I made lasagna for the first time in a long time. This is by far one of the best I made. I did it all by scratch, but you could use bottled sauce and achieve the same results. I also added canned mushrooms to the meat layer, but you could leave them out.


  • 1 onion, chopped

  • 5 garlic cloves, minced

  • 1-28 oz can of chopped tomatoes, undrained

  • 2 bay leaves

  • 1 1/2 tsp dried basil

  • 1 tsp dried oregano

  • 1/2 c red wine

  • 1 small can tomato paste

  • salt and pepper to taste

  • 2 T sugar if needed- it depends on your tomatoes

Cheese mixture:

  • 1-15 oz container ricotta

  • 1 small onion

  • 2 cloves garlic

  • 1 c cottage cheese

  • salt and pepper to taste


  • 1 pound ground beef

  • 1/2 c pepperoni slices


  • 1 c mozzarella cheese, shredded

  • 1/2 c Parmesan cheese, shredded

  • 12 lasagna noodles

  • 1 can mushrooms (optional)

To make the sauce: Start with a medium saucepan and sweat onions in 1 T olive oil and 1-2 T butter. Let them get translucent and start to turn golden in color. Add the garlic, bay leaves, basil, and oregano. Stir them into the onions and cook until fragrant. Add the tomato paste and cook the tomato paste until darkened in color- about 4-5 minutes. Add the red wine and deglaze the pan. Add the chopped tomatoes and stir all together. Lower the heat to simmer and cook for about 20 minutes for the flavors to come together. Taste the sauce for salt and pepper. Add sugar if necessary.

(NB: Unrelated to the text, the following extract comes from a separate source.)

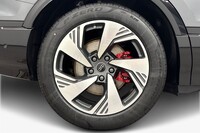 heti ajoon Audi Q6 e-tron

To make the cheese mixture: Saute the onions in 1 T butter until soft and sweet. Add the garlic and saute until fragrant. Let the mixture cool a few minutes. Add onions and garlic to the ricotta and cottage cheese. Season with salt and pepper to taste.

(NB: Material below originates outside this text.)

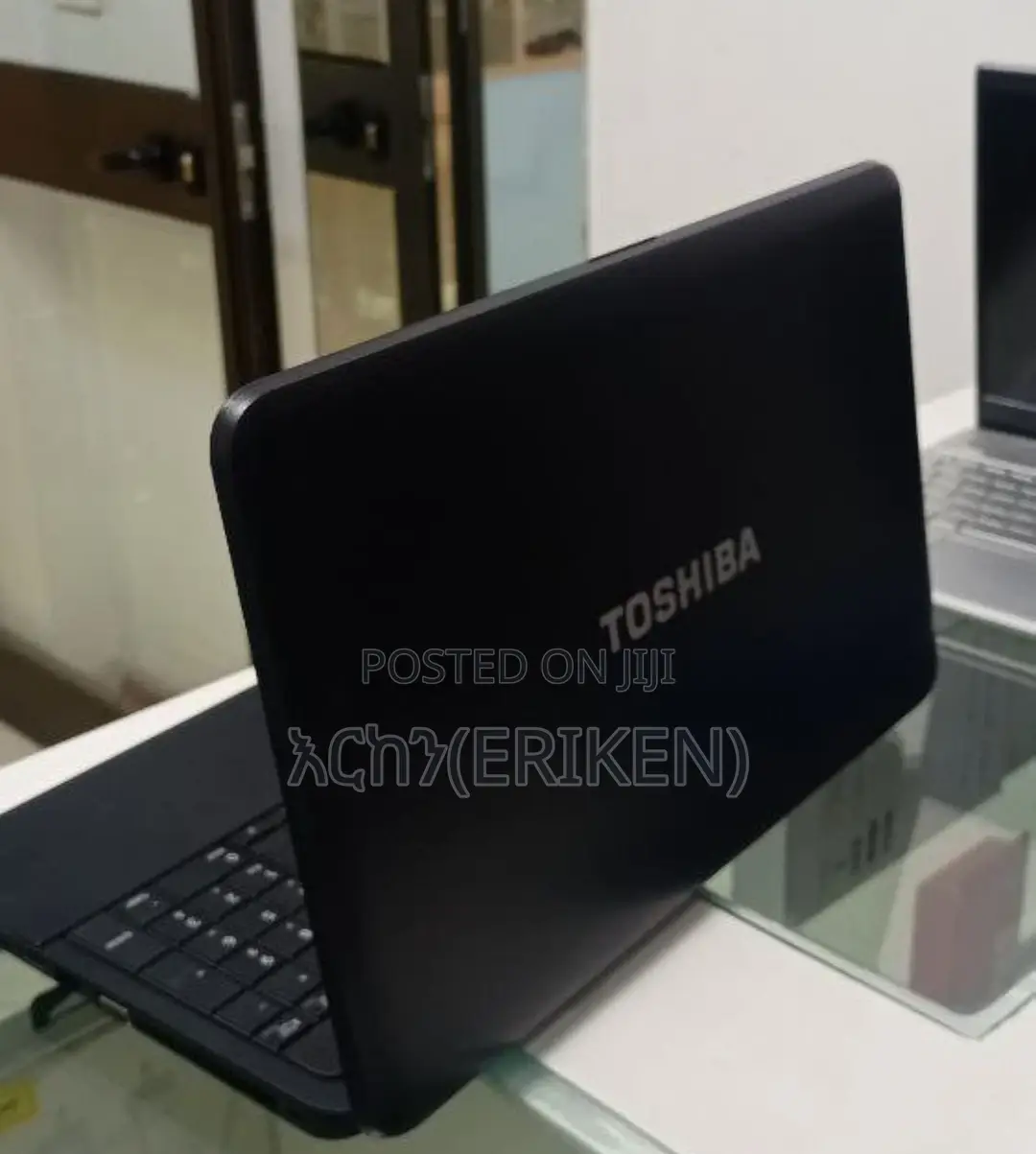 New Laptop Toshiba Tecra R840 4GB Intel Core I3 HDD 500GB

To make the meat mixture: Place the pepperoni in the food processor and process until chopped small. Brown the ground beef with the pepperoni in a skillet until no longer pink. Set aside to cool a bit.

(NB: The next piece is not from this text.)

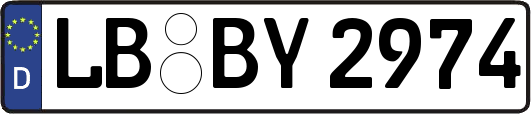 LB-BY2974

Place the 12 lasagna noodles in a dish with hot water to cover for about 40 minutes to one hour until pliable.

In a 8x11 glass dish, start with covering the bottom with a thin layer of sauce. Layer 3 noodles across. Use about 1/2 of the cheese mixture to spread over the noodles. Layer 3 more noodles. Add a thin layer of sauce over the noodles. Add the meat mixture. Add the mushrooms-optional. Add a little more sauce to the meat. Layer 3 more noodles. Spread the remaining 1/2 of the cheese mixture over the noodles. Layer 3 more noodles. Add a layer of sauce. Top with shredded mozzarella cheese and Parmesan cheese. Bake in a 350 F oven for 30-40 minutes until bubbling and hot.